Уже ближе к вечеру, когда солнце клонилось к закату, истребители неожиданно получили ещё одну команду на взлет. Бой произошел в туманном небе над городком Жиздра на границе Калужской и Орловской областей, районом, тогда оккупированном нацистами. Условия были тяжёлые, видимость плохая, и каждый из лётчиков был вынужден сражаться один на один со своим фрицем, не имея возможности приглядывать за новичком. Часть группы погнала противника в сторону Орла и Брянска, кто-то даже до Смоленска. Заморин и Хрущёв отделились от всех. Бой был жаркий, немцы давили численным превосходством, советские лётчики не видели друг друга в дыму и тумане.

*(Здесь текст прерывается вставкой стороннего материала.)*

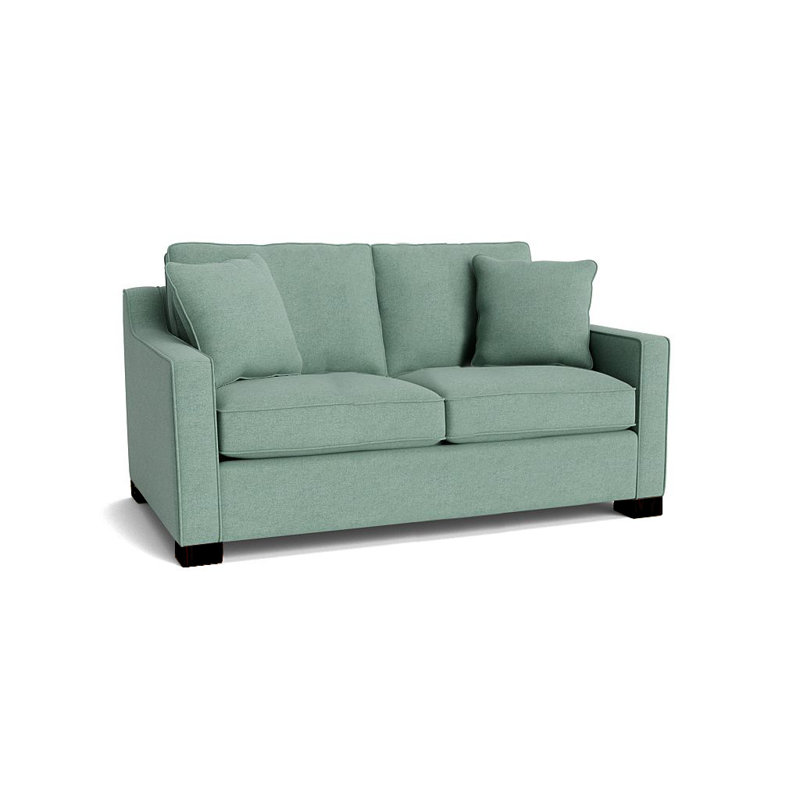 Causeuse à accoudoirs carrés de 56 po avec coussins réversibles Aceyon, Espresso, Épice Entice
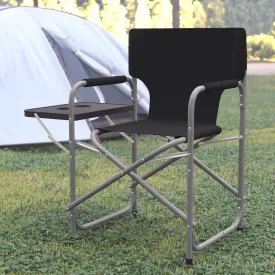 Benjamin Folding Black Director's Camping Chair with Side Table and Cup Holder - Portable Indoor/Outdoor Steel Framed Sports Chair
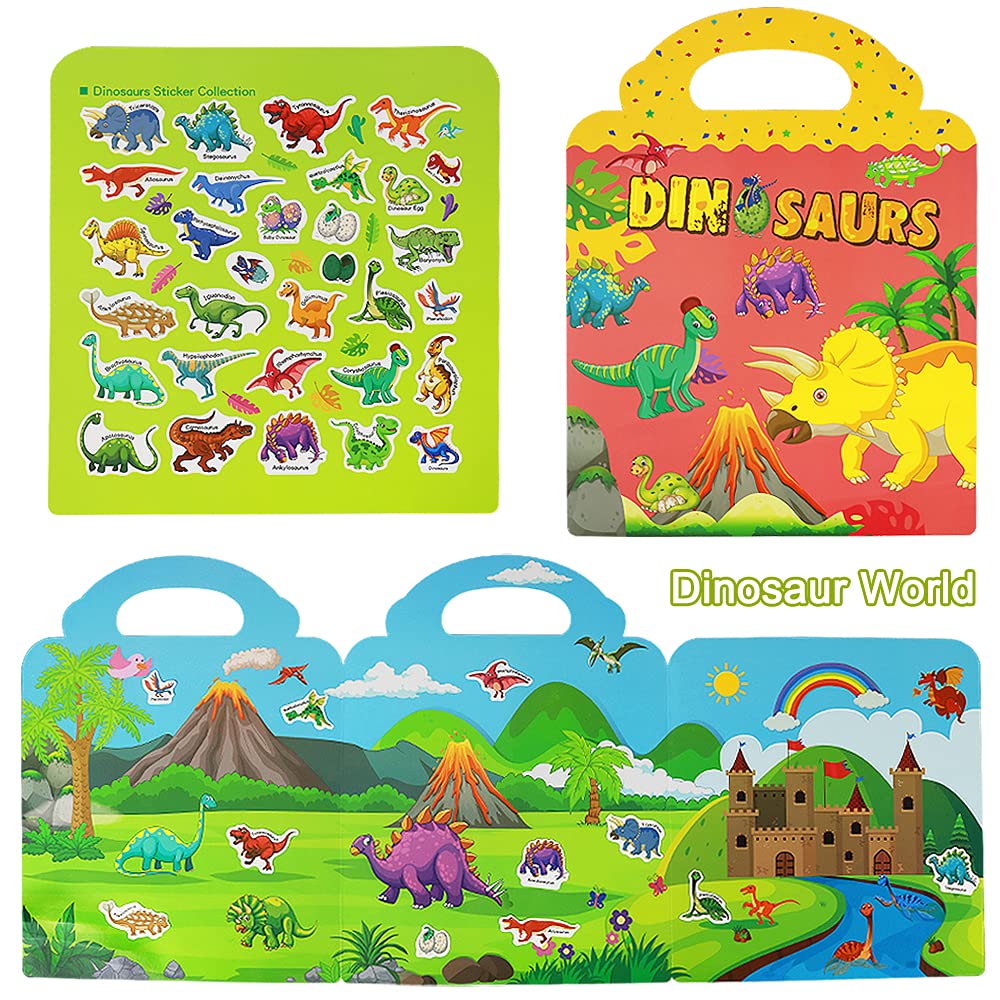 Yowlieu Reusable Sticker Books for Kids | 3 Travel Sets (Zoo, Ocean & Dinosaur) Ages 3-5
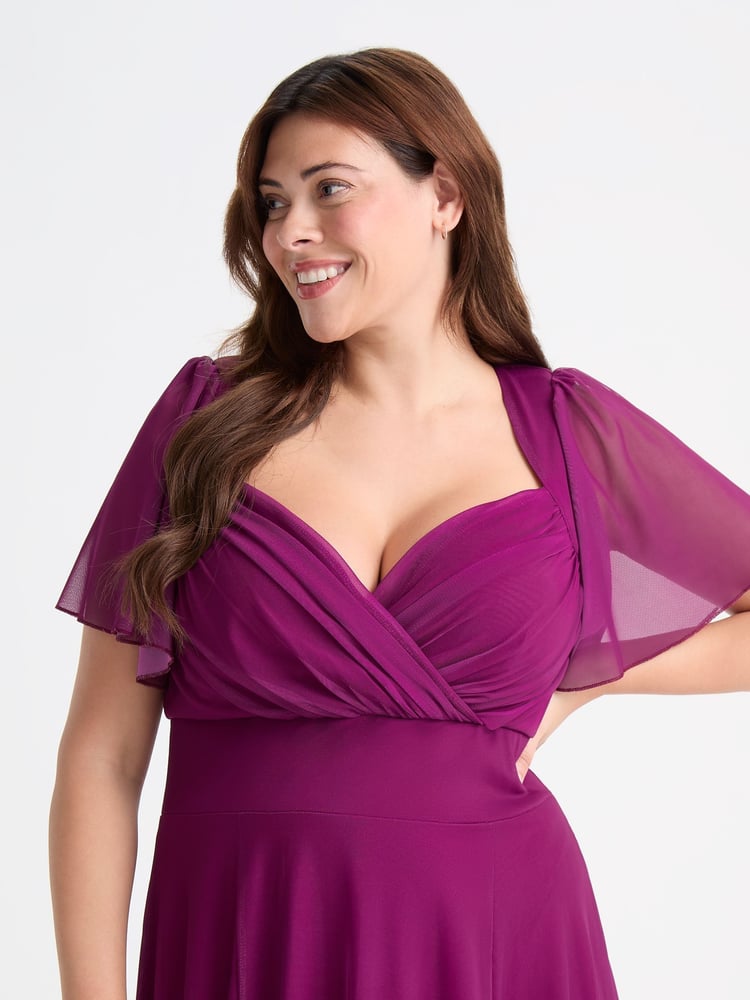 Scarlett & Jo Red Kemi Solid Bolero Wrap Bodice Mesh Maxi Dress - Image 2 of 2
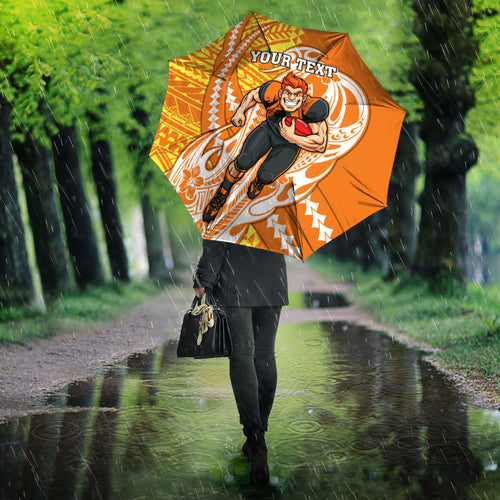Personalized Greater Western Sydney Giants Umbrella Polynesian Tribal Giant Mascot With Hibiscus Floral Art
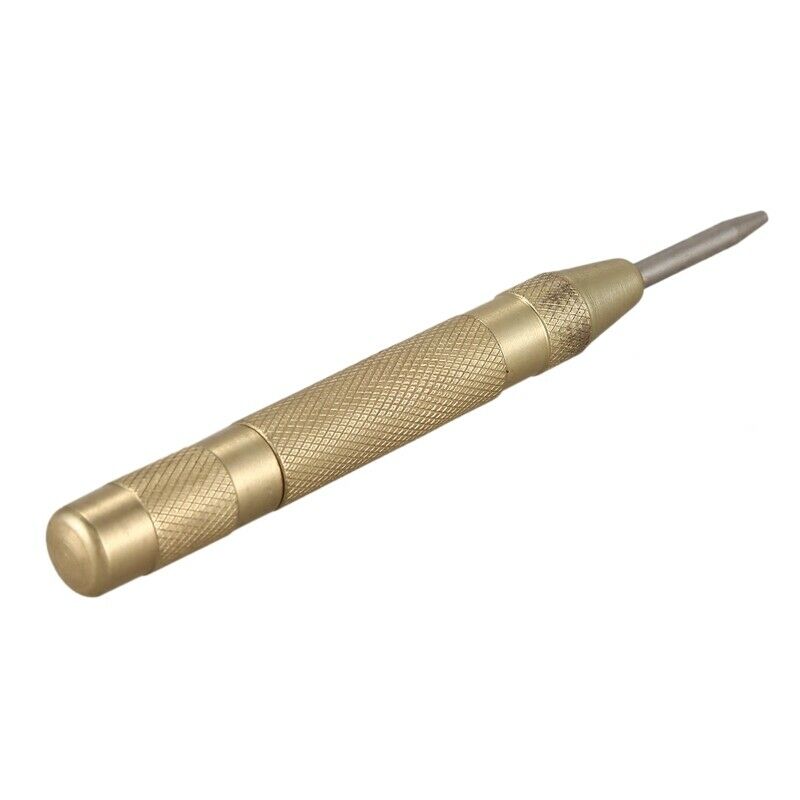 Brass Yellow Automatic Center Punch Sp Loaded Chrome Rivet Screw Auto Mark HolU4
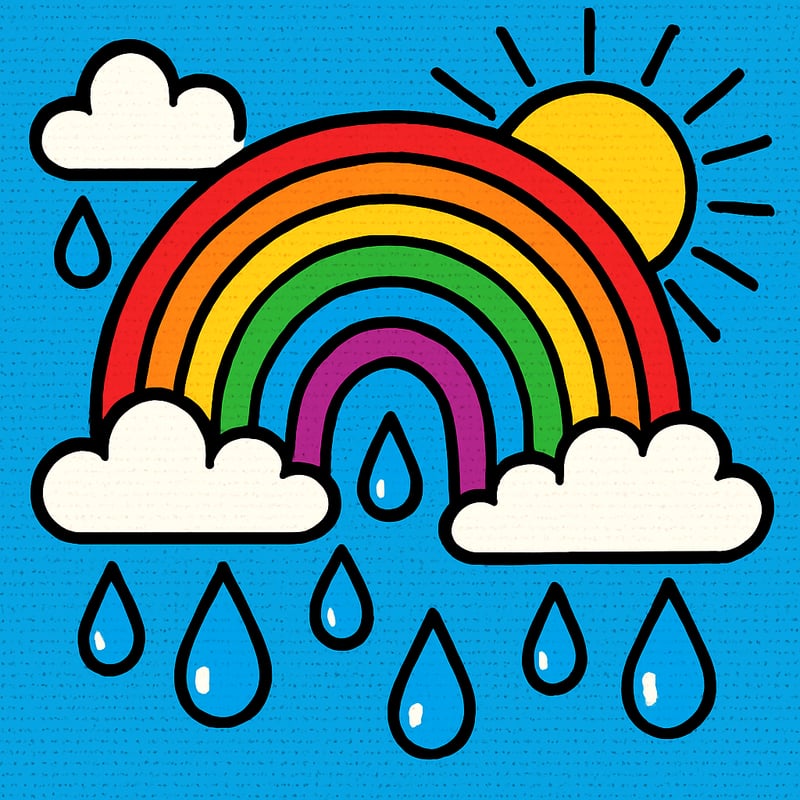 A rainbow happens when sunlight bends inside raindrops.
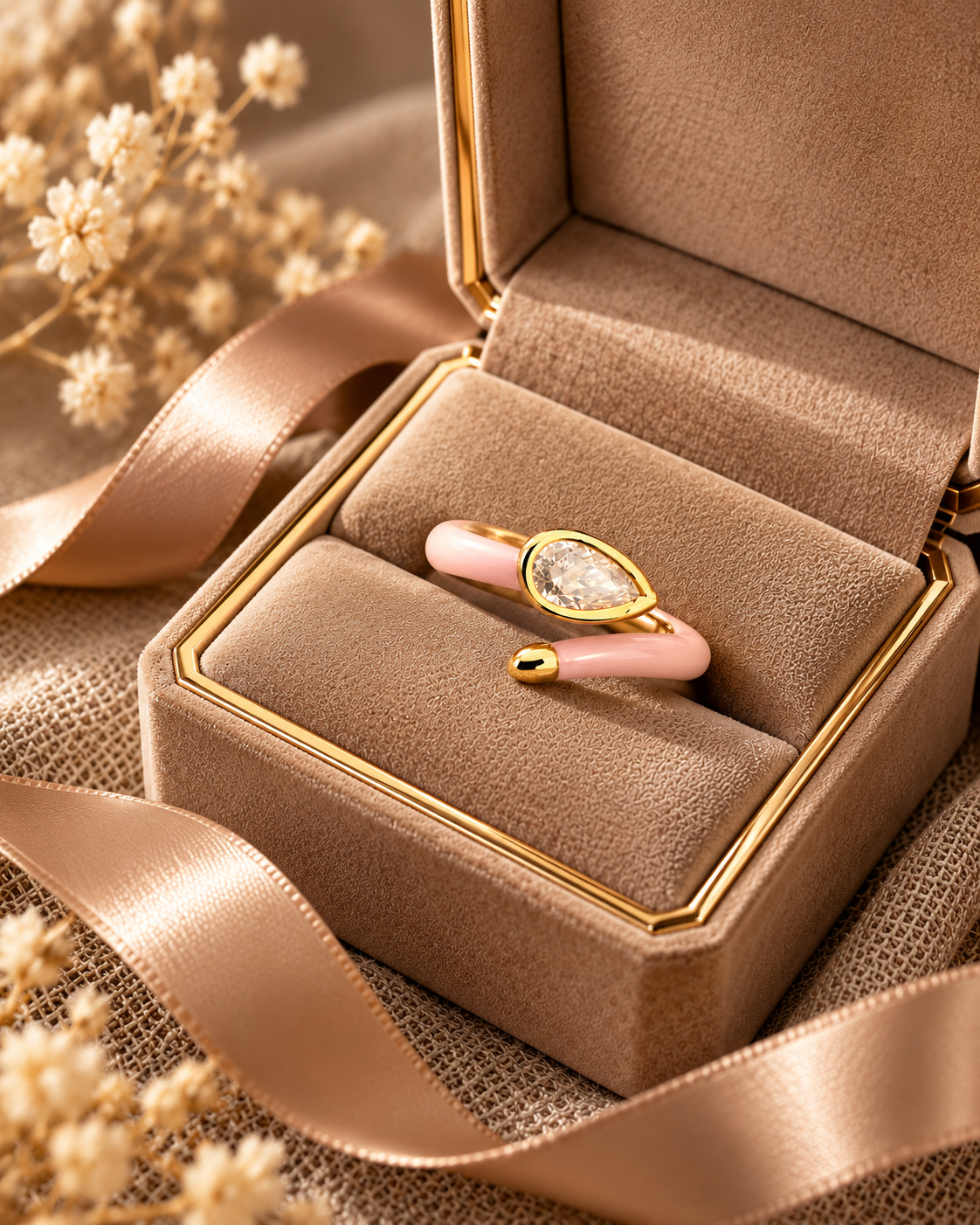 Blush Elegance Teardrop Crystal Ring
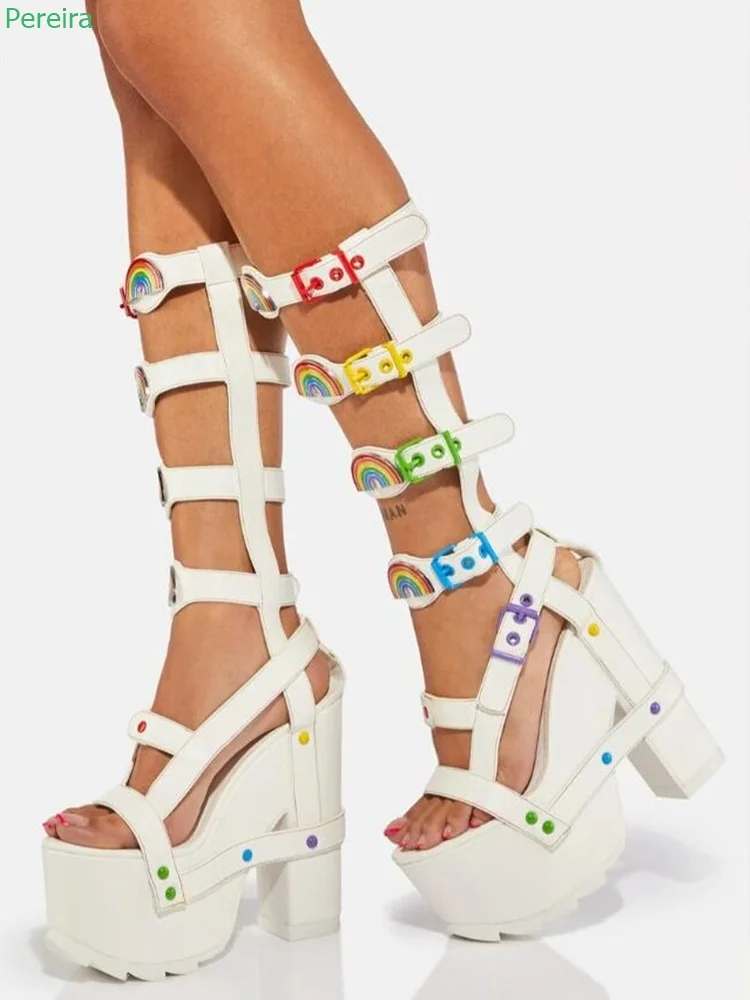 White Platform Rainbow Sandals 2024 New Arrival Solid Chunky Heel Round Toe Adjustable Buckle Fashion Sexy Good Leather Shoes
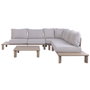 DKD Home Decor Set de Sofá Esquinero de 4 Piezas en Aluminio y Olefinas Marrón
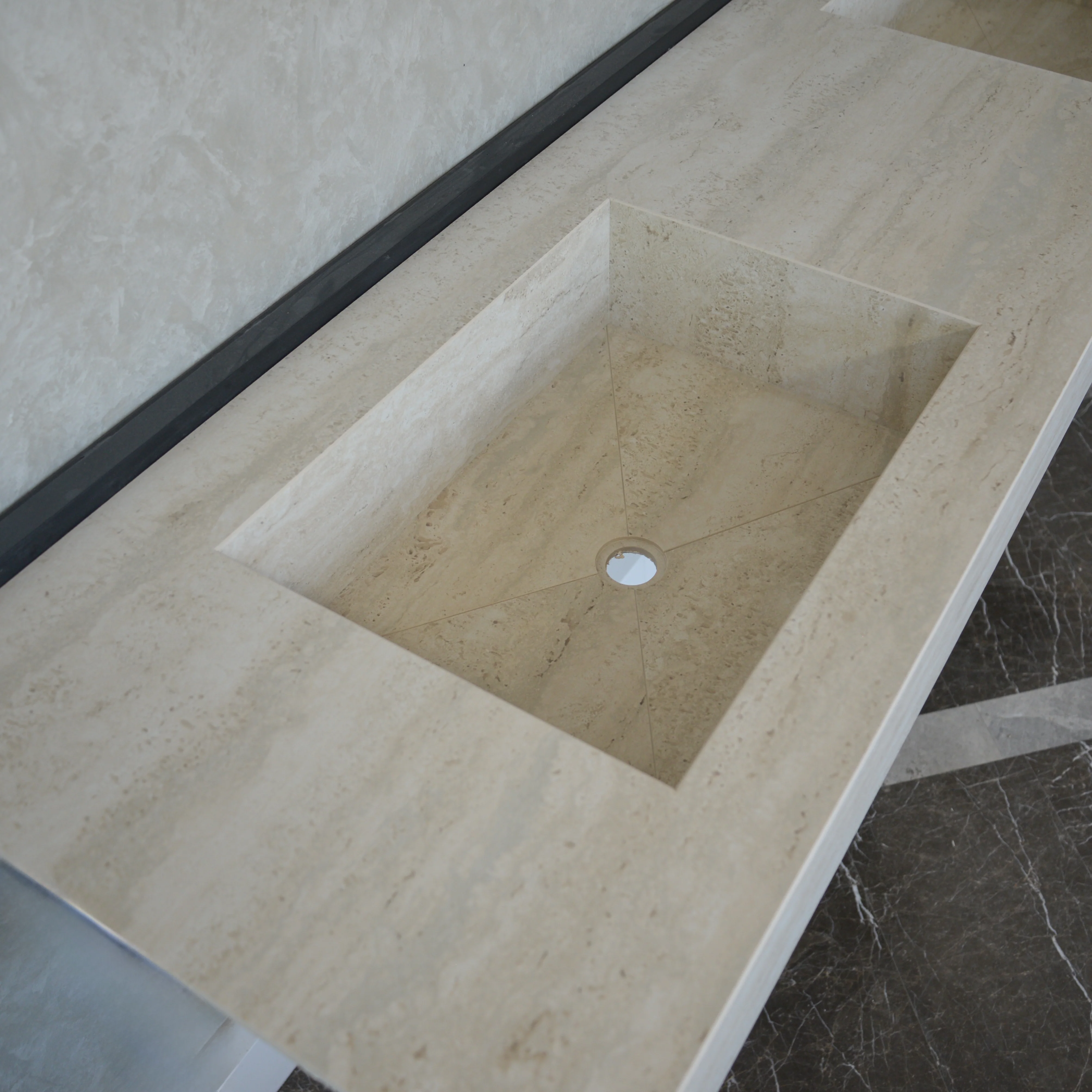 HANDCRAFTED INFINITY TRAVERTINO CHIARO HIGH ENGINEERED PORCELAIN DOUBLE SINK (ES-099) - Image 9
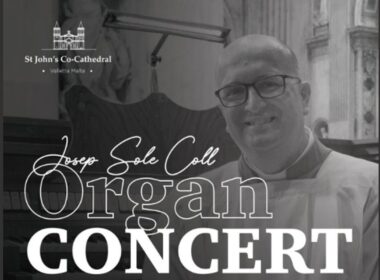 Section of the concert poster for Josep Solé Coll at St John's Co-Cathedral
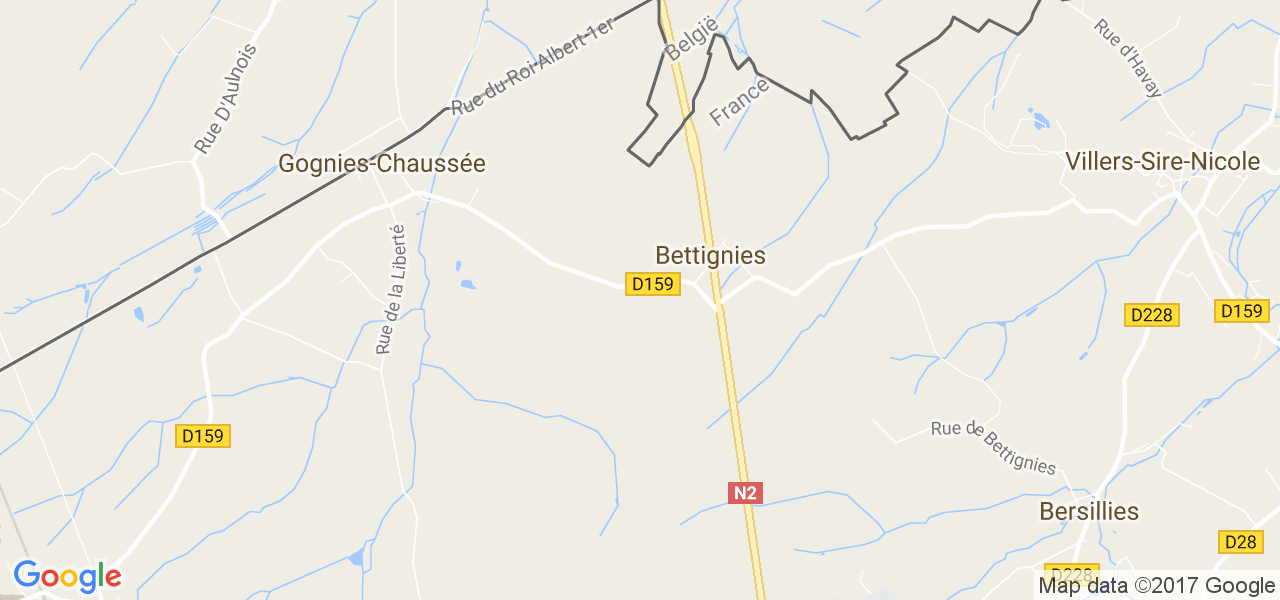 map de la ville de Bettignies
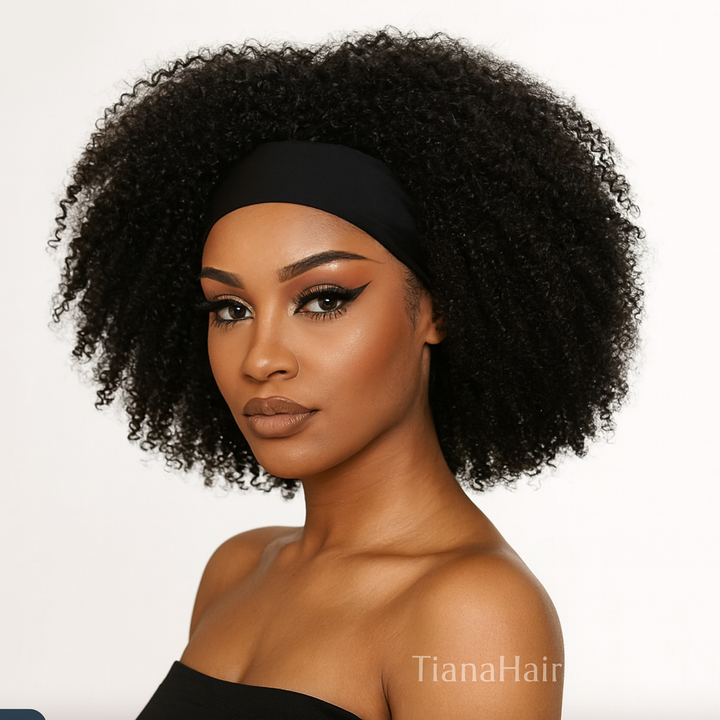 Kinky Curly Glueless No Lace Stirnband Lange Perücke 100 % Echthaar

Затем Заморин якобы полетел на запад один и подбил два немецких самолета, а когда вернулся в район Жиздры, не застал ни своего ведомого, ни самолетов противника. Уже в полной темноте он вернулся в расположение полка, и с тех пор Хрущёва больше не видел.
Согласно предельно подробному описанию Заморина, в свой последний день старший лейтенант Хрущёв был одет следующим образом:
Чёрный кожаный шлемофон, тёмно-коричневая кожаная куртка с серым каракулевым воротником, высокие ботинки на молнии (сломанная нога не позволяла ему носить обычные сапоги) и тёмно-коричневые перчатки с мехом. На нём была защитная гимнастерка со стоячим воротником, карманами и погонами старшего лейтенанта. На левой груди Орден Красного Знамени, на правой - гвардейский значок. Брюки того же цвета, что и гимнастерка. Вместо нижней рубахи Леонид всегда носил матросскую тельняшку. Ремень с офицерской звездой и «вальтером» в кобуре; на плечевом ремне ещё один пистолет, «маузер». На запястье часы, предположительно марки «Лонжин». При себе у него был серебряный портсигар с охотничьей собакой и надписью на крышке «В день рождения от жены».
Люба отрицает, что когда-либо дарила ему такой портсигар. Может, это был подарок от Розы Тревис, его предыдущей жены, очень недолго побывшей ею? Я не знаю.